- TASK DIRECTIONS
Find each line below where the word "Hoodie" occurs, and copy it.

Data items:
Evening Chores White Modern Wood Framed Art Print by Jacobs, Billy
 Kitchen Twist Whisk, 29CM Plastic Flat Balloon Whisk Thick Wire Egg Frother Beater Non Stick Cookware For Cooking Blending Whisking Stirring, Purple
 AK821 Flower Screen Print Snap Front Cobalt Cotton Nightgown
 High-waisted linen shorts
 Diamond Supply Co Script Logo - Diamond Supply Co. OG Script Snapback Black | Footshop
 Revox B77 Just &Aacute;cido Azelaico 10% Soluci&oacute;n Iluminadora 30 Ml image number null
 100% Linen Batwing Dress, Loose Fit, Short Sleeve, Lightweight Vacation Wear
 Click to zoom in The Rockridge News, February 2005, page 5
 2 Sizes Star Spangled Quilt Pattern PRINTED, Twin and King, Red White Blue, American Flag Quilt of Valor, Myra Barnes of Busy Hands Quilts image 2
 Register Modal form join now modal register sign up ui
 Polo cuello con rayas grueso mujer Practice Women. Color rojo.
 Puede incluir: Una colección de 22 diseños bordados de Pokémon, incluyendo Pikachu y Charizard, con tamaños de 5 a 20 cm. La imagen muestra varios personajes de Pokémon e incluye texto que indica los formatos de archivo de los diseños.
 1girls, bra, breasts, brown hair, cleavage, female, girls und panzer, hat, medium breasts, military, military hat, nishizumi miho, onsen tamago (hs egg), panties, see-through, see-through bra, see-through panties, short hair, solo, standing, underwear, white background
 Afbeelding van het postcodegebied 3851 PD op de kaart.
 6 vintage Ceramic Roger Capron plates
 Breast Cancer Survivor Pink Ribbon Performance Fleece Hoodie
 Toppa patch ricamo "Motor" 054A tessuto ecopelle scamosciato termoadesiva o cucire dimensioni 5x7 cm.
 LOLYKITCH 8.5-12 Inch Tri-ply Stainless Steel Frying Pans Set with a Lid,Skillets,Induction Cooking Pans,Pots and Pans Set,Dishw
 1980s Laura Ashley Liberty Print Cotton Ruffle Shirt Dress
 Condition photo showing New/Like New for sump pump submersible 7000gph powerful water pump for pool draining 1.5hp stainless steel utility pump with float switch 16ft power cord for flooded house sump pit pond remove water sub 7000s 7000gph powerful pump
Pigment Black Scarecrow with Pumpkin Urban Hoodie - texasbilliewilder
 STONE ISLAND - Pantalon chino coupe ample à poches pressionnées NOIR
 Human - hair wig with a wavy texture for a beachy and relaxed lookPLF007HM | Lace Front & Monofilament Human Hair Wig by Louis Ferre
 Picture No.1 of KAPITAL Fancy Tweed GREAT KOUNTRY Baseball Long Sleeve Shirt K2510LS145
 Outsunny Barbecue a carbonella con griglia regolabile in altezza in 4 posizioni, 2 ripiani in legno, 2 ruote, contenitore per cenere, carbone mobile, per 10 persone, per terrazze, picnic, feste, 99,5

- SOLUTION
 Breast Cancer Survivor Pink Ribbon Performance Fleece Hoodie
Pigment Black Scarecrow with Pumpkin Urban Hoodie - texasbilliewilder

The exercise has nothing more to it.